=== Brief ===
Each line of the listing below that includes "Baby" must be copied.

=== Material for this task ===
##########
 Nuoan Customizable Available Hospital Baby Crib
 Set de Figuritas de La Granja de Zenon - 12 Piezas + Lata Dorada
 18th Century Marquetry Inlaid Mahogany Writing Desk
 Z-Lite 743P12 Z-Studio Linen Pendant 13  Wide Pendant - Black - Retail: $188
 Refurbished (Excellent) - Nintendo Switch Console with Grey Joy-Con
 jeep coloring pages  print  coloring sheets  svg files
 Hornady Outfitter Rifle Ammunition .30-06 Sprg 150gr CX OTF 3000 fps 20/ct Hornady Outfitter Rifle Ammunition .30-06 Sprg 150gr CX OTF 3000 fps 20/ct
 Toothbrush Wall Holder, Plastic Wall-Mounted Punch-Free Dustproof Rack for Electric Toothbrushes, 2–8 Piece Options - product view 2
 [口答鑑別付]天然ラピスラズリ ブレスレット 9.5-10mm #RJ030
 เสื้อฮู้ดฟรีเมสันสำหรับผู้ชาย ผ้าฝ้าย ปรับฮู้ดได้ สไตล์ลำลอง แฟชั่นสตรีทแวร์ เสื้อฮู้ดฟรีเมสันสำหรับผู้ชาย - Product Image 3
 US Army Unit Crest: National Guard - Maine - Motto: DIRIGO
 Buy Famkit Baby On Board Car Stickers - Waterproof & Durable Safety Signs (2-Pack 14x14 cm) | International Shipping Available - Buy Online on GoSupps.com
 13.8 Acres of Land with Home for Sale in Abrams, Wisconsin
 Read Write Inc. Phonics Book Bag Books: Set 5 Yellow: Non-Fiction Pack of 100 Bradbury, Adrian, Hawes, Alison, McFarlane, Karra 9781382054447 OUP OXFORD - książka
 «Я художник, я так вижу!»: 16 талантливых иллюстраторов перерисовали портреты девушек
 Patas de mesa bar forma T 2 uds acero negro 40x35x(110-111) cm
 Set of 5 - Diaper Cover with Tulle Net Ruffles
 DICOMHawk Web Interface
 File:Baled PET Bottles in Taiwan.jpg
##########
=== Answer to this problem ===
 Nuoan Customizable Available Hospital Baby Crib
 Buy Famkit Baby On Board Car Stickers - Waterproof & Durable Safety Signs (2-Pack 14x14 cm) | International Shipping Available - Buy Online on GoSupps.com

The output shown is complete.